= Problem =
Copy every line of the records below where the word "Chandelier" occurs.

= Information shown =
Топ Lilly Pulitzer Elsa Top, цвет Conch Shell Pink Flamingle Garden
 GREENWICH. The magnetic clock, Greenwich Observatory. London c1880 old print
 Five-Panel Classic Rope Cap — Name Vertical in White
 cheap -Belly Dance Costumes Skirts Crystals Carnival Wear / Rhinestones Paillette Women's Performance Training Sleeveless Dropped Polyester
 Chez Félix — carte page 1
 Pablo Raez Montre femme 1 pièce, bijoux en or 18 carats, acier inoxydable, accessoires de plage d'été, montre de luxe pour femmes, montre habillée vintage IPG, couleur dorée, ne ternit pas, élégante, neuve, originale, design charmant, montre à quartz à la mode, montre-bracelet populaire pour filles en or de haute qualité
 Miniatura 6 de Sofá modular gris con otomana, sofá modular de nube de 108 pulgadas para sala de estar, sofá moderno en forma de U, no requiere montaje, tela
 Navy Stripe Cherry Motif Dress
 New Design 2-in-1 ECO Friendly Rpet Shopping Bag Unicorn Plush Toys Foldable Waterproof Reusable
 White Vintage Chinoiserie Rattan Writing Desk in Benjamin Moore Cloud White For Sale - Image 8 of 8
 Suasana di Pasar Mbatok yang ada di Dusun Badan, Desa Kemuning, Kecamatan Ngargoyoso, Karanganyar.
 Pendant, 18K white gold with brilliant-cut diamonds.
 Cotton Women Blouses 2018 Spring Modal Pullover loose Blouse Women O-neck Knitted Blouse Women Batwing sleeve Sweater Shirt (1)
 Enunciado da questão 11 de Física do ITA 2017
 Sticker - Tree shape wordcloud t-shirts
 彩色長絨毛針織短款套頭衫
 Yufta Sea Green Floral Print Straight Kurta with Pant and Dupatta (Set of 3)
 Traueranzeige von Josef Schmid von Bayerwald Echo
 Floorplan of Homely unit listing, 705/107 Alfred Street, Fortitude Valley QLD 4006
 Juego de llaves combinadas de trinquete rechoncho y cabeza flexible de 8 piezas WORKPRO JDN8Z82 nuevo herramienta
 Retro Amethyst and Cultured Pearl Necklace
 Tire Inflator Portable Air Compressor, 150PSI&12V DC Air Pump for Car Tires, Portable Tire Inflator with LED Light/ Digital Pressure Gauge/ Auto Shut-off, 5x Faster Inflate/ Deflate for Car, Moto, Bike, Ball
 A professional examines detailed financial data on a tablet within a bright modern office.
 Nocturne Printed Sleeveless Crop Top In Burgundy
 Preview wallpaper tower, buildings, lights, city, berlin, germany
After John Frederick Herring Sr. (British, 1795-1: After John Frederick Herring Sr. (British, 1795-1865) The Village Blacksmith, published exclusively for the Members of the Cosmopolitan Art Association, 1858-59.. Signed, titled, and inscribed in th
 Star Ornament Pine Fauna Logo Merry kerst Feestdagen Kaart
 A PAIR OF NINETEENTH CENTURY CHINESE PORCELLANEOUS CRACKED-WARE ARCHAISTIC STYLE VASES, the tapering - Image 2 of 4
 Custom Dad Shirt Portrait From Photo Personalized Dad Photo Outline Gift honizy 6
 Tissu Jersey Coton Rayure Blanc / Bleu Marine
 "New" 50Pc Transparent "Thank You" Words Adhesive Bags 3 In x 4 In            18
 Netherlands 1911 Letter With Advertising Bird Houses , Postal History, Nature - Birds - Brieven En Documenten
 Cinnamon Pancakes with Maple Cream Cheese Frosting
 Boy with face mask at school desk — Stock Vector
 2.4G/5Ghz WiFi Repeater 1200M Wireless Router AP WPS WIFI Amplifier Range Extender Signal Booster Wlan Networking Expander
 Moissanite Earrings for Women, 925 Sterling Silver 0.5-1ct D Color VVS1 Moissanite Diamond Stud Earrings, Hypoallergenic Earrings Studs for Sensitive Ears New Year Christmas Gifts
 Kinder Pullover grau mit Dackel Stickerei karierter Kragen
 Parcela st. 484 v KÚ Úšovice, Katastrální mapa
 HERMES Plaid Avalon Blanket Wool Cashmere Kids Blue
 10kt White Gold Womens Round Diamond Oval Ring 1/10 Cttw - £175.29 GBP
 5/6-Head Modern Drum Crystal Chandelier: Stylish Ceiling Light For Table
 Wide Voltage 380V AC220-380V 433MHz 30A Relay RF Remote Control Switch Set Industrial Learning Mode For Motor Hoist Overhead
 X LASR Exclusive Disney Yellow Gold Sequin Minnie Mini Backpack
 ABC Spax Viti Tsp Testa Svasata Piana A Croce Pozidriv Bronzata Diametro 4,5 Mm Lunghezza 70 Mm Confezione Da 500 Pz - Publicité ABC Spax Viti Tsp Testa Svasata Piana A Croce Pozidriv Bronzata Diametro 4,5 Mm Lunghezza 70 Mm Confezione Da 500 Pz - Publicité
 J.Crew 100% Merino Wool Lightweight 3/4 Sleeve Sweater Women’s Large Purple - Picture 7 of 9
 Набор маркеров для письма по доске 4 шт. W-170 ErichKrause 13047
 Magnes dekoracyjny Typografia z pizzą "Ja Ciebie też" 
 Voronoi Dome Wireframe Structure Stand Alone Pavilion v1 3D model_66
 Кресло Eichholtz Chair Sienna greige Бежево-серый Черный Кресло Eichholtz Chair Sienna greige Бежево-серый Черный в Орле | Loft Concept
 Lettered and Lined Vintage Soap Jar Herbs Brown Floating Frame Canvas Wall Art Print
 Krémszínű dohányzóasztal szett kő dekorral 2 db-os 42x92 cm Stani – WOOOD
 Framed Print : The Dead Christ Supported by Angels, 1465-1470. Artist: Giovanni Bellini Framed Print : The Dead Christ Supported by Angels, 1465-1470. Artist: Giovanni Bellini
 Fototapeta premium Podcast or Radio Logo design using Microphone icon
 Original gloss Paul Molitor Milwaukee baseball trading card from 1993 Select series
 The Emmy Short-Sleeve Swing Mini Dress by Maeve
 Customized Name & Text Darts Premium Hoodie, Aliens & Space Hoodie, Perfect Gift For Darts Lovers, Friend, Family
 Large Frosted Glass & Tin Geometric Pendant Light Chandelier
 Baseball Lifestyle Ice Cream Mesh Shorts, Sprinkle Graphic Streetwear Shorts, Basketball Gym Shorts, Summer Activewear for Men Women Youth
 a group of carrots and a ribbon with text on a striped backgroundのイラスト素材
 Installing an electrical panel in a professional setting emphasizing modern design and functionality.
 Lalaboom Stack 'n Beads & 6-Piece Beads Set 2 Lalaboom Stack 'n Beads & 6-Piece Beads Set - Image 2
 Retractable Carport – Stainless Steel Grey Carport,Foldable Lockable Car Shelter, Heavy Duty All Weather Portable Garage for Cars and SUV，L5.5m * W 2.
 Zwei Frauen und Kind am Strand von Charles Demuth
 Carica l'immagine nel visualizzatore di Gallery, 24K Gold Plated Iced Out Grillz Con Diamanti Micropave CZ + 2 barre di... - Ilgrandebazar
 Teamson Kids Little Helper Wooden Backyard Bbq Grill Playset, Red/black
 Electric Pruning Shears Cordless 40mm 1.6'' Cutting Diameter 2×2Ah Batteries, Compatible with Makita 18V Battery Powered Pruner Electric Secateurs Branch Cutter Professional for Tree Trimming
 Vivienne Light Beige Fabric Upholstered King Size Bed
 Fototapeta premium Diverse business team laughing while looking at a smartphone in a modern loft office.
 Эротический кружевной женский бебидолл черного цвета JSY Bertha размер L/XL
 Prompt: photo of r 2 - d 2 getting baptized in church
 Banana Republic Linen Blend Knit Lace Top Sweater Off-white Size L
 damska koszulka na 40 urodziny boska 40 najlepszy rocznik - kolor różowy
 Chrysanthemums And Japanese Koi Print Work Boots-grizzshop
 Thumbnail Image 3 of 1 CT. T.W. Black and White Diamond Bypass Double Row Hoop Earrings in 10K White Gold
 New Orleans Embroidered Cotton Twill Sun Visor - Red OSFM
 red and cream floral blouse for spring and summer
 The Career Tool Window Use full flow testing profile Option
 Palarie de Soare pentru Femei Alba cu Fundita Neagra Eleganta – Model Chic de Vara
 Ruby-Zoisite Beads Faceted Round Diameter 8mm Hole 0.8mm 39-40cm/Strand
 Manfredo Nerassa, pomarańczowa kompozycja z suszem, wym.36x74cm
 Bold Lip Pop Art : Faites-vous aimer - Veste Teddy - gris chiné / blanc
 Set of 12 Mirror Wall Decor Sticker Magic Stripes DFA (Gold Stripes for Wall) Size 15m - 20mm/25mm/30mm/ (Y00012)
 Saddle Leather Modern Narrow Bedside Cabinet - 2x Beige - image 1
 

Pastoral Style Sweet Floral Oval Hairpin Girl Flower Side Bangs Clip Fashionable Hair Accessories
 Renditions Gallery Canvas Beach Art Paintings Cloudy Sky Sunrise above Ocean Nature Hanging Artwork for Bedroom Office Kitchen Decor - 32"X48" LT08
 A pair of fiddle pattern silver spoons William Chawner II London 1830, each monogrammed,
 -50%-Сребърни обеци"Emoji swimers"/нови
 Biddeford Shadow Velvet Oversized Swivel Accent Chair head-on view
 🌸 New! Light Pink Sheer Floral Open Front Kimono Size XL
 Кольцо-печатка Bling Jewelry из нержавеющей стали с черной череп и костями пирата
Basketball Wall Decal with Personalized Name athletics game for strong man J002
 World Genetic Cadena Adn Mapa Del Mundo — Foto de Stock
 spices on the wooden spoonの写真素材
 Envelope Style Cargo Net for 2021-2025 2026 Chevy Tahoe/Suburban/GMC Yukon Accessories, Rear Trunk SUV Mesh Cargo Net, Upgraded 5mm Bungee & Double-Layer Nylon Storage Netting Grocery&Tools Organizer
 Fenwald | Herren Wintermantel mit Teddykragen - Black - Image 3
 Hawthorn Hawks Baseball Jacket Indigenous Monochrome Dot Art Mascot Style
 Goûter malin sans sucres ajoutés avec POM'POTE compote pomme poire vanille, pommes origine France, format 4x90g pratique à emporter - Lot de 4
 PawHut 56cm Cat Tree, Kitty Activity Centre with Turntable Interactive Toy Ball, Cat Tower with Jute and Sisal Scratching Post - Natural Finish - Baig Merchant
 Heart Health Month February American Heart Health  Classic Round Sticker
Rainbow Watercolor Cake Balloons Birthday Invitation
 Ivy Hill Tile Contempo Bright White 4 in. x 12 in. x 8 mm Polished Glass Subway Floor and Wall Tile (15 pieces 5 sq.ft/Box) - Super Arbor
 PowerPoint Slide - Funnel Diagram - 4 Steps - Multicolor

= Response =
 5/6-Head Modern Drum Crystal Chandelier: Stylish Ceiling Light For Table
 Large Frosted Glass & Tin Geometric Pendant Light Chandelier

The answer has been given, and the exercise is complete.